Other customers reported that even offers such as "day passes" at hotel pools, which until now were charged in Cuban pesos, may soon only be payable in dollars.
They warned that the measure would leave thousands of people without leisure options, as many found these activities to be a relatively accessible choice within the current crisis. "It is very sad and unfair," some users wrote.
Beyond the payment method, several customers complained about the high prices and low quality of service. At the Hotel Palacio de los Corredores, for instance, a drink costs almost 5 dollars and was served in a small glass with poor quality ingredients.
“Hotels are empty, prices are outrageous, and the service is deteriorating, but the most serious issue is that they are excluding ordinary Cubans by not accepting their currency,” they criticized on social media.
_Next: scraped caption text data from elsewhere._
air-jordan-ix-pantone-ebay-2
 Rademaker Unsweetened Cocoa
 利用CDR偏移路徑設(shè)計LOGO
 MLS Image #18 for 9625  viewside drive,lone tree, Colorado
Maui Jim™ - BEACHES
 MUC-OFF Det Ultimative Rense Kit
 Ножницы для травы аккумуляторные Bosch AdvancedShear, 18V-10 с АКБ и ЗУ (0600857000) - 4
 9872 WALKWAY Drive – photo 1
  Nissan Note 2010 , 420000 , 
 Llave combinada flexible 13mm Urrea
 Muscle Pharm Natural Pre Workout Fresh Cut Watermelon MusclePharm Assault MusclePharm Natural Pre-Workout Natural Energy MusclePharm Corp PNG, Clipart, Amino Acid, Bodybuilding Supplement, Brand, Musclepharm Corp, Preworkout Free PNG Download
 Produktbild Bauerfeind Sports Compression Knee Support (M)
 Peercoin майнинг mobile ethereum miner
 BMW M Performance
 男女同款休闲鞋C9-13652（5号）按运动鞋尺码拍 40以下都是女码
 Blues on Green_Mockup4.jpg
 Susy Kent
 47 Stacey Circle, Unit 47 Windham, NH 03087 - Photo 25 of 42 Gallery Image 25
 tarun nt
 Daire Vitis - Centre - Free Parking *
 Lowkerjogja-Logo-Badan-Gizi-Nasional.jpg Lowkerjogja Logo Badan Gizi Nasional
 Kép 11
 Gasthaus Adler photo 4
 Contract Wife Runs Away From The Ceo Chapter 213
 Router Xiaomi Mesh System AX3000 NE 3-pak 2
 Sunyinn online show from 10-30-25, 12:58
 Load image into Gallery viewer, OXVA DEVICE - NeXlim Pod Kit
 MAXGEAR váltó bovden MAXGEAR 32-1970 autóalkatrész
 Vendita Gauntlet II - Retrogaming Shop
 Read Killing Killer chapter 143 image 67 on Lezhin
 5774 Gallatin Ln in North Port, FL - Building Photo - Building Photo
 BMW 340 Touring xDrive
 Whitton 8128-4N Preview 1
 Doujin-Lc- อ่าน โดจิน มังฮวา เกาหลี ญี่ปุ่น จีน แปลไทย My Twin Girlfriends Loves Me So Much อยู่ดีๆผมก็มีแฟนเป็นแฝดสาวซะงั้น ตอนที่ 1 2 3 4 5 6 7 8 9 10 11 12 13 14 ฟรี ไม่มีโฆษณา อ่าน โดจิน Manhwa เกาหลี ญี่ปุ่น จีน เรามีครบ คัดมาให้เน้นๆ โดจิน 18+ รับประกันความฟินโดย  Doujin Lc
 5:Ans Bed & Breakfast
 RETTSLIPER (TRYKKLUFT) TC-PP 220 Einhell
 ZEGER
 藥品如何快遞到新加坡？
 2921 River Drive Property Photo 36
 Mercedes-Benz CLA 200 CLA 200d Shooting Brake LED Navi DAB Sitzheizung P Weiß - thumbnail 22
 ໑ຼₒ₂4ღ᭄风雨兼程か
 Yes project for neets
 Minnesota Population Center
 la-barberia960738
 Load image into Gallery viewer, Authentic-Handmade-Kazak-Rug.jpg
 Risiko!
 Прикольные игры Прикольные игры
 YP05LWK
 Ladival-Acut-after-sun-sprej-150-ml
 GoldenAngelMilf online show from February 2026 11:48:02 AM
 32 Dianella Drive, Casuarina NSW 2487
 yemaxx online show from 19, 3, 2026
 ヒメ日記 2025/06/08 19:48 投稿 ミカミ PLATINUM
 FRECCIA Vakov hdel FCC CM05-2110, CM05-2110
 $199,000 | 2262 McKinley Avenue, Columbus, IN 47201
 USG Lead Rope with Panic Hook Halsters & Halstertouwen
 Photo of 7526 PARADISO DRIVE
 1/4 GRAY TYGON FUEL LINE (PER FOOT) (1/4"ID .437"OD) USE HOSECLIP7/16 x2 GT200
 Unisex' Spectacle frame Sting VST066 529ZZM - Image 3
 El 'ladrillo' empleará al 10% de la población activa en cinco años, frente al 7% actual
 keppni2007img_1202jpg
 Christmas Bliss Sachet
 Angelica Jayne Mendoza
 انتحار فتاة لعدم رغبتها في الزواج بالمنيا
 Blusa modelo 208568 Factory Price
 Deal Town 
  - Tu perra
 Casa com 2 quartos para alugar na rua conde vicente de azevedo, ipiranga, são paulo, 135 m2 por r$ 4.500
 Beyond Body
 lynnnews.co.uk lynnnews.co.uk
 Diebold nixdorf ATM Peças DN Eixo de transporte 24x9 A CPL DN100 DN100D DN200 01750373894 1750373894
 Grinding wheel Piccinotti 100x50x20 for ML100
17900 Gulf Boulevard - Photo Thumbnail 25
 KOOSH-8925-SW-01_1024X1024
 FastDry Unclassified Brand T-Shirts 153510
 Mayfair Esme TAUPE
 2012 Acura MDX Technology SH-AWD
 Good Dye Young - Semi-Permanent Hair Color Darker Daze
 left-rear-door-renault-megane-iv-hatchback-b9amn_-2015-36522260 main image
Some noted that sometimes hotels would agree to charge in cash dollars, but only on the condition of providing the exact amount, which highlights the informality with which these policies are handled and the practical difficulties it creates for customers.
The Cuban peso seems to have once again been excluded from strategic tourist and commercial spaces. This phenomenon not only impacts leisure consumption but also exacerbates social inequality, as those without access to foreign currency are automatically marginalized.
The Cuban peso is losing value at an accelerated rate
Hit by inflation, scarcity, and a progressively dollarized economy, the CUP is extremely devalued and the people of Cuba are becoming poorer each day.
Last week, the dollar reached 400 CUP and the euro 450 CUP in the black currency market, record figures that confirm the deterioration of the national currency. Meanwhile, the Convertible Currency (MLC) is valued at just 200 CUP, and its use is decreasing as state-owned stores transition to dollar sales.
The situation reflects a growing dollarization in Cuba, as the prices of food and essential services continue to rise. Cuban workers are surviving under a regime that structures its economy for salaries from another world.